I’ll take “Things that don’t bother me for $200,” please

We’ve all learned a lot about Ukraine in recent weeks in months — like where it is, how resilient their people are and how to pronounce the name of its capital and biggest city, Kiev (or Kyiv).

As long as I can remember — I mean, like, going back months — I’ve called it KEE-ev. So did most folks, including government officials and journalists. As it turns out, that’s the way Russians pronounce it. Ukrainians pronounce it KEEV. And if that’s the way the Ukrainians want it, by golly, they’ve got it. The heck with the Russian way.

Yet, I still hear a few folks pronounce it KEE-ev, including some well-known people who darn sure know the Ukrainians prefer KEEV. They’re the kind of folks who think they are above evolution, change and improvement. To me, that’s a rather self-centered stance.

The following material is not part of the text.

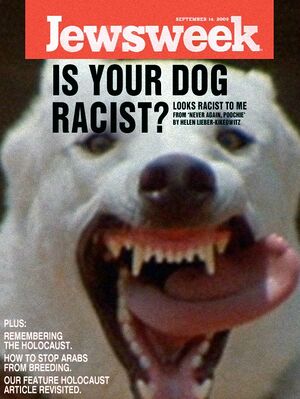 Is Your Dog Racist.jpg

If the Ukrainians want to pronounce Kiev as pumpernickel, fine by me.

By the same token, though, those of us who were unknowingly pronouncing it wrong simply out of ignorance were not being pro-Russian. Not every mistake is an evil one.

For instance, I used to call Kamala Harris ka-MAH-la instead of the preferred KAH-muh-luh. I didn’t do it out of racism. It was a poor assumption on my part — and the part of many others. In fact, when the Democratic presidential primary season first began in 2019, she was my favorite of the 137 contenders. I clearly didn’t despise her. And after I found out the proper way to pronounce her name, I’ve done it correctly ever since.

Sometimes a mistake is just a mistake. Of course, there are some who do come at such issues with ill will — such as when David Perdue mocked her in 2020 as “Kamala-mala-mala. I don’t know. Whatever.” He did so at a Trump rally for the sole, spineless purpose of pandering to those who relish classlessness. But, hey, anything for a vote.

It reminds me of how some folks hyperventilate if someone says they would rather you refer to them with the pronoun “they” instead of “he” or “she.” Fine by me. Admittedly, I do struggle a little inside with referring to a single person by a plural pronoun, but I’m strong enough to suppress that anxiety if that’s really what they want. As some folks used to say back home, “Don’t make no never mind to me.” I guess if I was OK with that double-negative, I can handle plural pronouns used as a singular reference.

If someone asks nicely to be a “they,” I’m happy to oblige. However, on the flip side, it’s not OK for the woke mob to come after folks for referring to someone as a he or she when those folks had no idea they wanted to be a “they.” Show a little patience. This is a bit of a new thing for some of us old folks. Some of us really are trying to be nice.

The woke mob is driven by an element of uptight folks who are always on the lookout for something to offend them — often when the person who is supposed to be offended isn’t even offended, presenting the woke mob with the additional burden of having to explain to the non-offended why they should be offended while also explaining to the offenders why they should apologize for the perceived offense and beg forgiveness … while being canceled anyway, just in case.

The woke mob also needs to understand that occasional confusion is OK. When trans woman Amy Schneider had her long recent winning streak on “Jeopardy” — every episode of which we watch in my home — we were excited for her. We didn’t care that she was once a man. I didn’t even know if she wanted to be a he, she or they, but any of the above was fine with me.

However, when she mentioned having a “girlfriend” during one of the mid-show interviews, I was momentarily confused. I wasn’t judging. I was just confused. I didn’t know men became women to be with women. And that’s OK. I got over it in a matter of seconds. Life resumed. No big deal. It was just an uncommon statement, such as when Howard Stern once said he was a lesbian trapped in a man’s body.

You have a constitutional right to go, “I’m sorry, what?” every now and then. If this world never causes you any confusion, well, bless your superior little heart. But some of us are not gifted with perfect perception or omniscience. So, be patient with us. A lot of us are trying to keep up.

And for those of you who think it’s too great a burden for you to respect a simple pronoun request, then thank your lucky stars you’re not in a place like KEEV, where they’ve got much bigger problems than your petty self-centeredness.